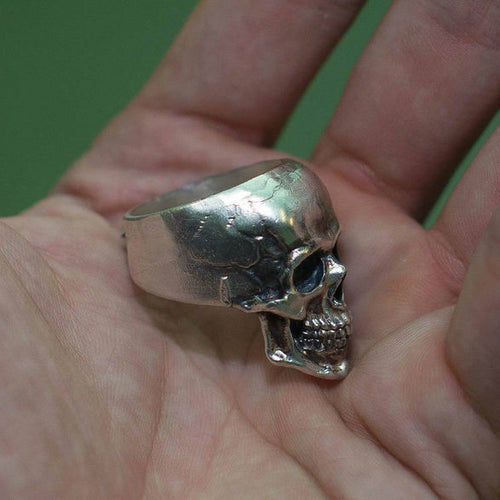 Dazzle Dime 925 Sterling Silver Base 18k Gold Plated Skull Biomechanical Ring  Unleash the Dark Side DAZZLE DIME®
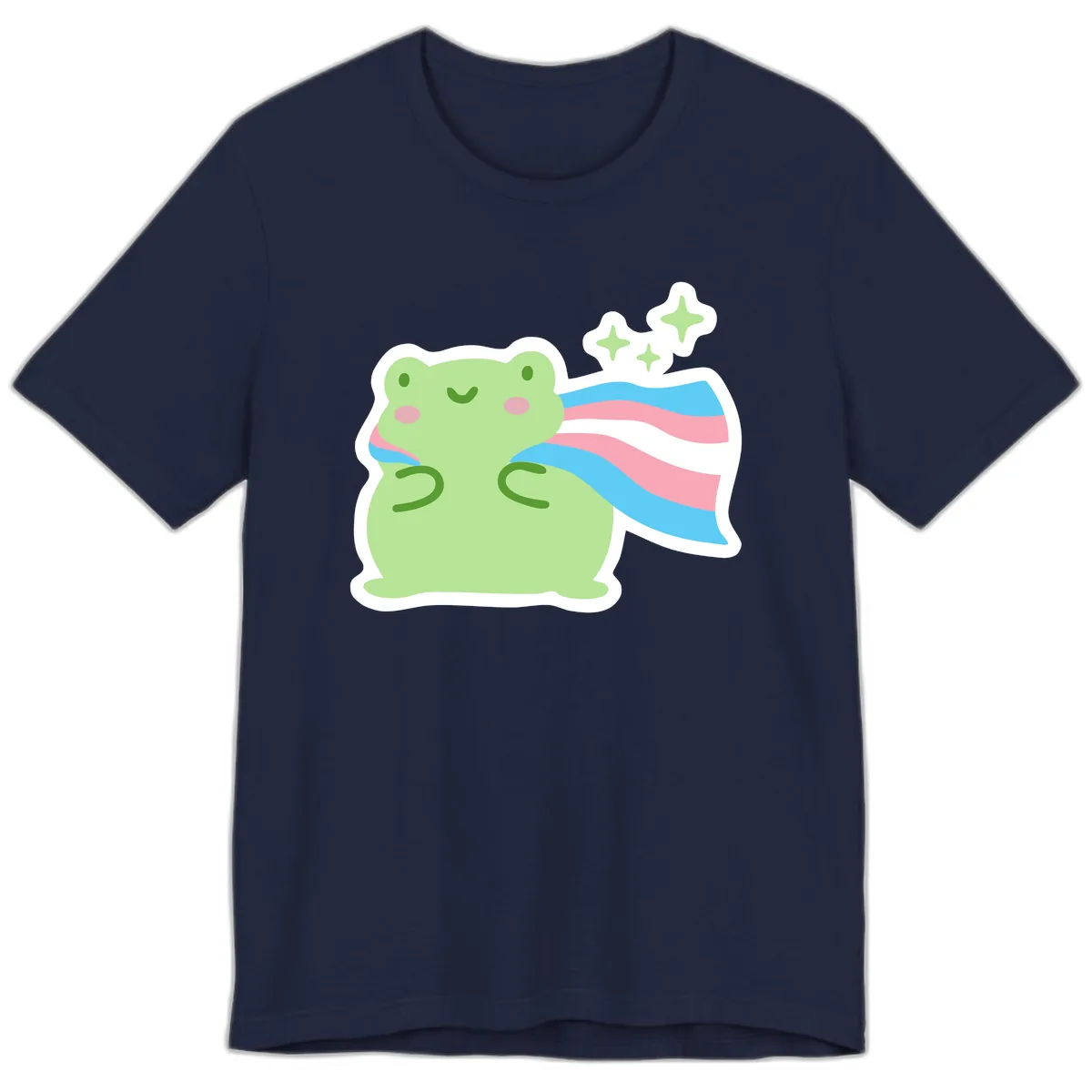 Magical Frog With Sparkles And Cape Premium T-Shirt in Navy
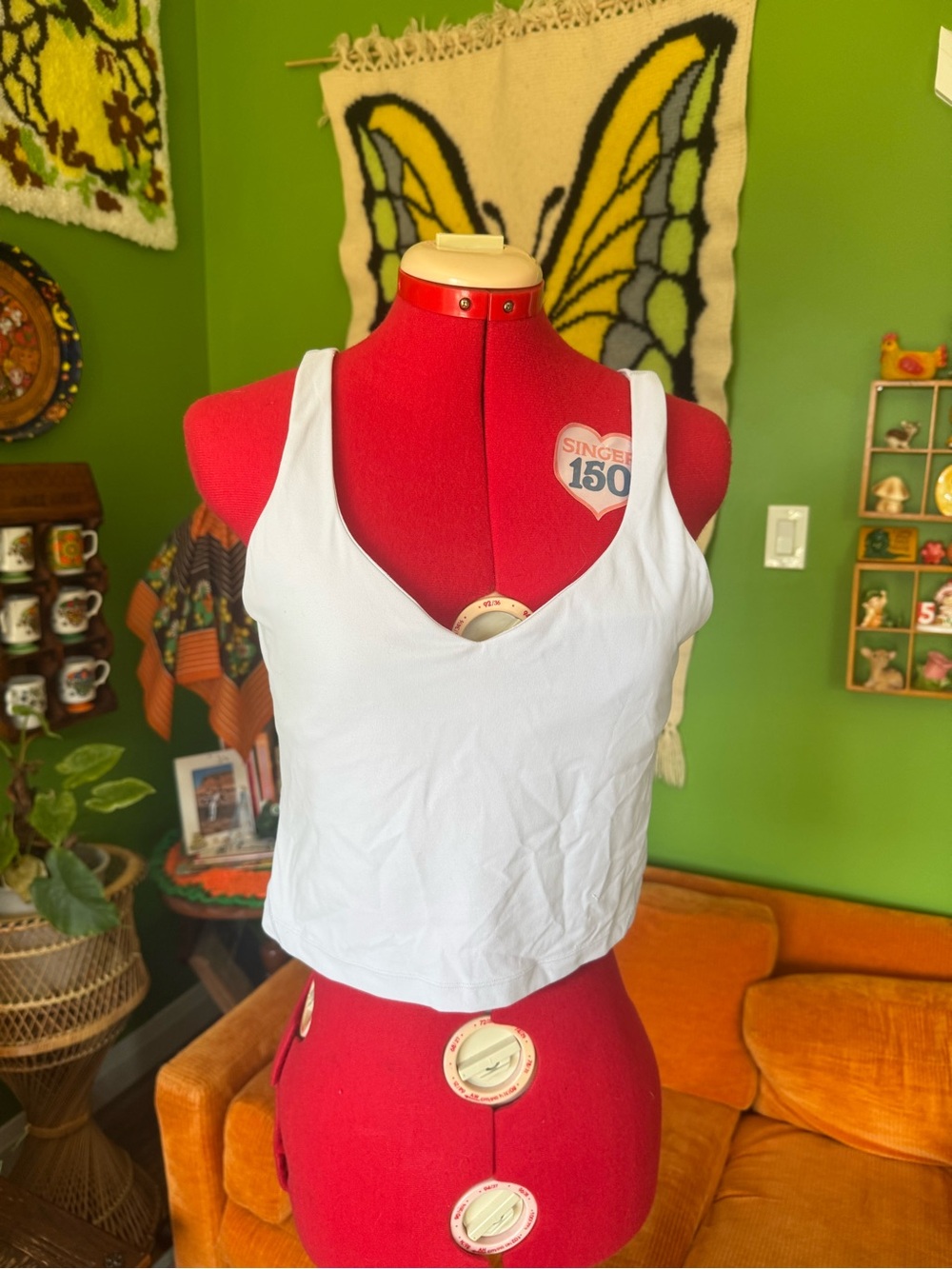 lululemon athletica purple Scoop Neck Crop Tank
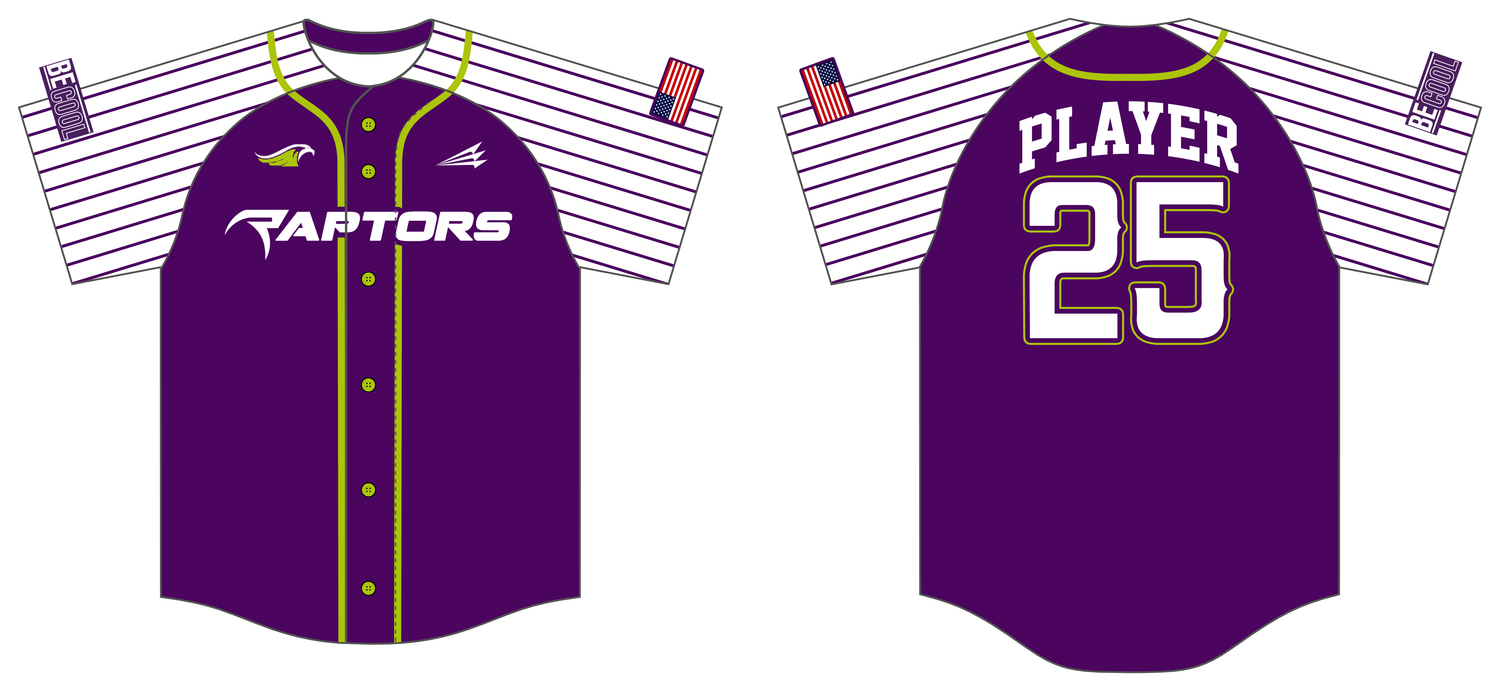 Manteno Raptors Custom NanoDri Baseball Jersey #J5B
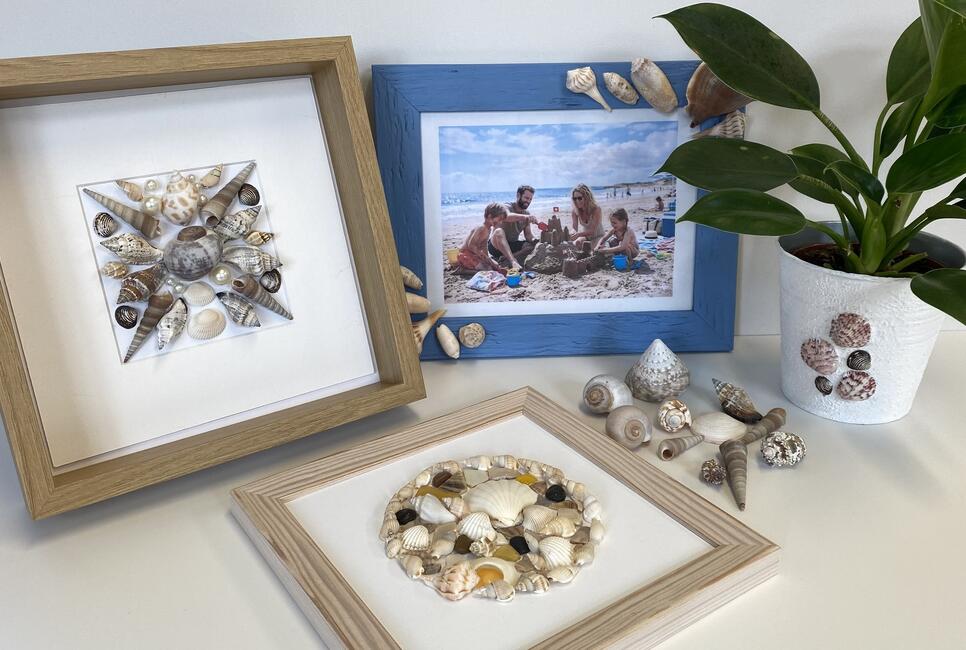 Kreativer Muschelzauber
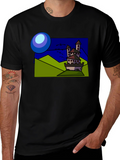 Cartoon Castle T-Shirt: Quirky Design Classic Fit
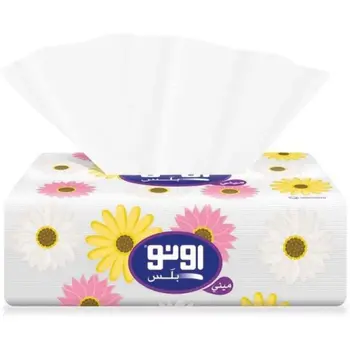 UNO Plus Mini Facial Tissue Soft Pack 10x180 Pieces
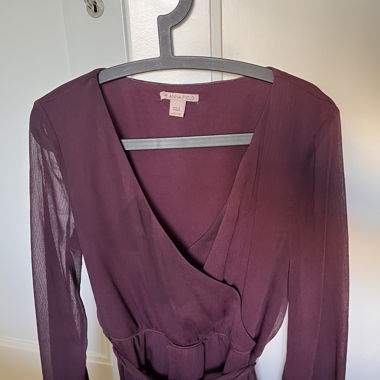 Lilac Wrap Dress with Tie Belt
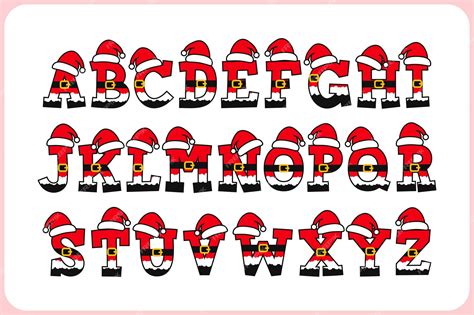 Premium Vector | Versatile Collection of Santa Claus Alphabet Letters for Various Uses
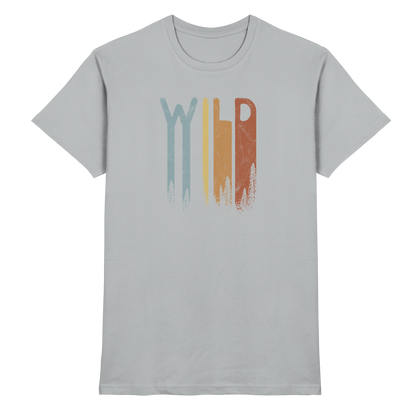 Wild Retro Schriftzug - Premium Shirt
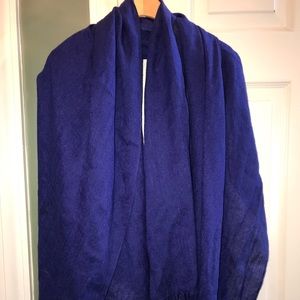 H&M Blue Fringe Scarf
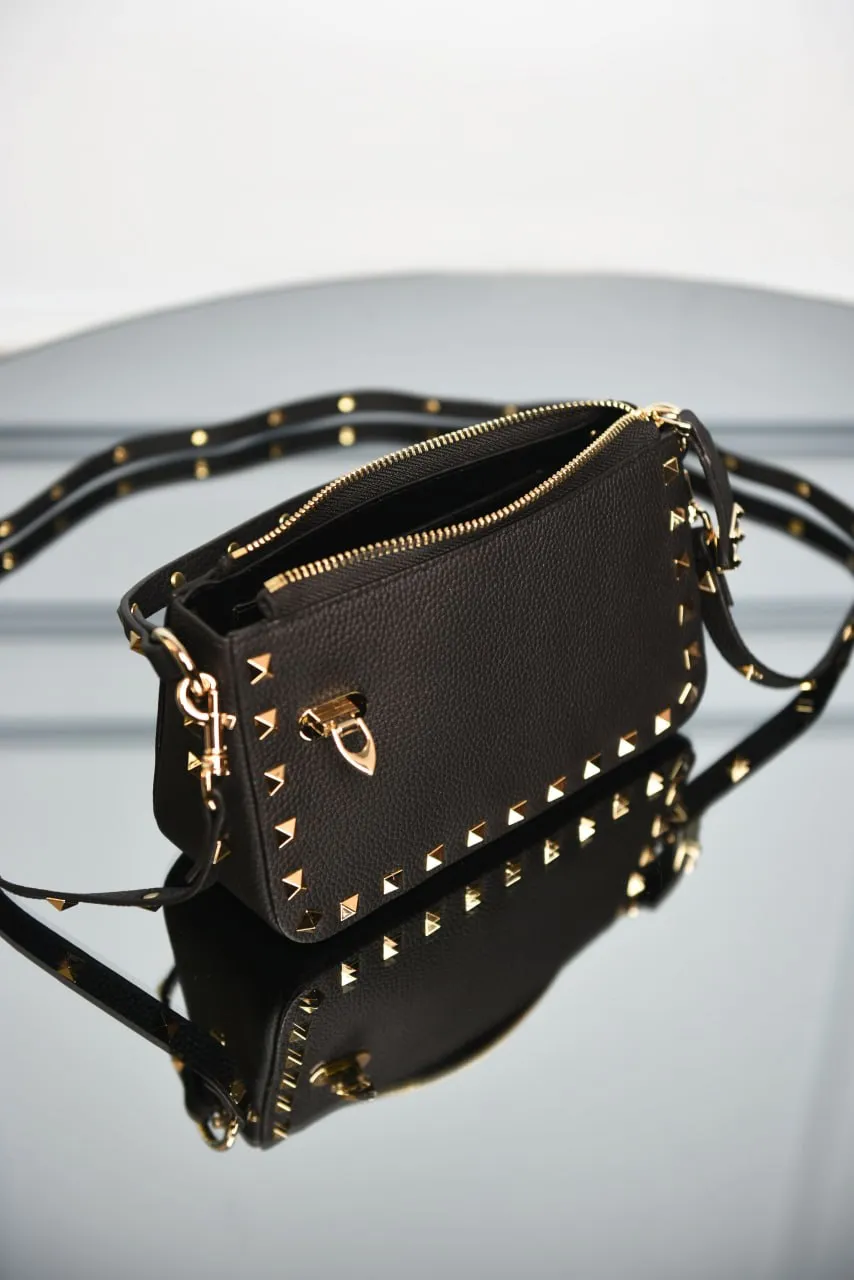 Small Rockstud crossbody çanta 9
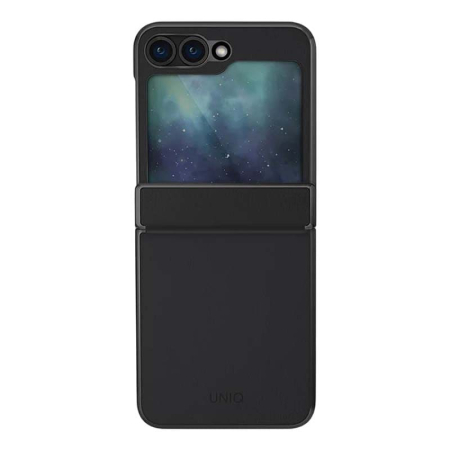 Чехол для Samsung Galaxy Z Flip 6 UNIQ ORA Premium leatherette Черный Чехол для Samsung Galaxy Z Flip 6 UNIQ ORA Premium leatherette Черный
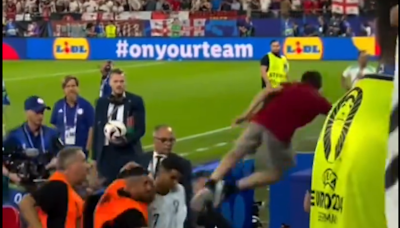 Video: Cristiano Ronaldo Saved By Security Personnel As Notorious Fan Tries To Jump On The Field After Euro 2024 Game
*-*-*
**Exercise details**
Give again, word for word, every line from the top of the data above to the line holding "lululemon athletica purple", inclusive, with the pictures left out.

**Completed exercise**
 Dazzle Dime 925 Sterling Silver Base 18k Gold Plated Skull Biomechanical Ring  Unleash the Dark Side DAZZLE DIME®
 Magical Frog With Sparkles And Cape Premium T-Shirt in Navy
 lululemon athletica purple Scoop Neck Crop Tank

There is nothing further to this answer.